2 weeks ago got eat kang kong.. still ok.. but i think now cant... the legs really is like anytime can cramp one.. so better dont add on it..
Hugs Hugs !!!!Ai ya ... dont't talk about your in laws ! ...Why dont't do baby shower?? Invite your few friends .. dont't need to be very big what ...simple just some pastries... boil some red eggs...drinks... at least you feel better... people congrats you ... best wishes ... happy happy !
i think i always like that one.. i will be happy only when everything is over.. just like my wedding.. after the last guest left, haha, then my smile become so natural.. before that is like all stone stone kind..
even my honeymoon and overseas trip is all free and easy, please dont ask me chase bus or wait in bus for fellow tour mates.. im the rebellious kind .. hahah.. dont try to strap me and ask me follow rules.. thats y my job is those i arrange meetings myself and go myself kind.. hate those bosses call you ask you where you r, whats your schedule.. i surely quit one..
since young i also look after my 2 brothers.. so i think.. i still know how to handle..
remember last time in JC i was in community service club.. we go to a boys home... then the small boy only primary 3, took a plastic chair and want to slam my friend.. i just go to him and grab the chair from him and scolded him straight... then all my club ppl clapped.. think they dont know how to handle.. but for me i looked after 2 boys from young and know how to handle.. and i grow up in a big family..

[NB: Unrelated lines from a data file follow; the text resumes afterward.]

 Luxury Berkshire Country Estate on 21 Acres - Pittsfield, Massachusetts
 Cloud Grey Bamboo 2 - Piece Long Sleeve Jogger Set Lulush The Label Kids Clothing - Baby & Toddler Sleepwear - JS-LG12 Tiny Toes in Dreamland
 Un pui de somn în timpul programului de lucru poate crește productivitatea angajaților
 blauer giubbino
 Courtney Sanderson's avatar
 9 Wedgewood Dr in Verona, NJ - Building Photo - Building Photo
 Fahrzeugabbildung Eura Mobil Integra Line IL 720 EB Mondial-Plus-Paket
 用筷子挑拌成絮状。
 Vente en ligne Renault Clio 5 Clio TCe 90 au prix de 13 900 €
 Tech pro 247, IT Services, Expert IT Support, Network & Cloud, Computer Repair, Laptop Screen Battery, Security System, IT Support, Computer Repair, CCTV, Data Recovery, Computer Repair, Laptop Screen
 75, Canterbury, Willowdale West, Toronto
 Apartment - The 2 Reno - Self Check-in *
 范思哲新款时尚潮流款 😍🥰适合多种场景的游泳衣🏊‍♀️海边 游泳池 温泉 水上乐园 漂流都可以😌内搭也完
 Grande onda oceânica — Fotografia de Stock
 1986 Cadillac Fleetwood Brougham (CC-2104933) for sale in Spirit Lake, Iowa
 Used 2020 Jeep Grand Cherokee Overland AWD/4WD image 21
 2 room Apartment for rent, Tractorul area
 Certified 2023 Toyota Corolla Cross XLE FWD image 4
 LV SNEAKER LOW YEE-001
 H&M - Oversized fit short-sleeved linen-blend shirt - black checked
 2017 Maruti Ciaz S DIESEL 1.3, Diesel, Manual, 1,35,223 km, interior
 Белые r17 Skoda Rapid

i think Dilys will know how to handle too.. she is the eldest! haha..
I think i confirm tear... when i give birth..if see my baby the 1st time.Once I dreamt .. I was calm & steady concentrating pushing my baby out... I never cry you know... after baby is out & my eyes was shut tightly... i ask gynae... is my baby out ...is it bloody.. can you clean the blood 1st before passing to me... (* I scared of blood...haha... I fee giddy at the presence of too much blood)
haha while they are cleaning baby. I ask my gynae... Dr, can I start to cry wholehearty ... I feel like crying... My gynae say "Go ahead" I was crying really wholehearty...the feeling is like pouring out all the pains during delivery ... the feeling of joy .... the thought of hardship of whole pregnancy all released. haha... then when they were to pass me baby..
I told the nurse wait ... I need tissue & i need to touch up dont want to let baby see me cry. hahahah
I thought my hubby about this dream.. he laugh.
My wedding ... I am also stone stone.. from the morning till end of dinner. I was just go according to the plan...*Lucky got my sisters who keep reminding what to do n that" I was so lost on that day ... excited & happy ... mixed feeling....
End of dinner.. after cleaning my drunk hubby haha ... the moment i lie beside him then I start recalling back what happen that morning & till the end of everything... then I realised "Oh So now I am married... dinner is over" after so many months of planning & preparation. Just a day ... everything is over.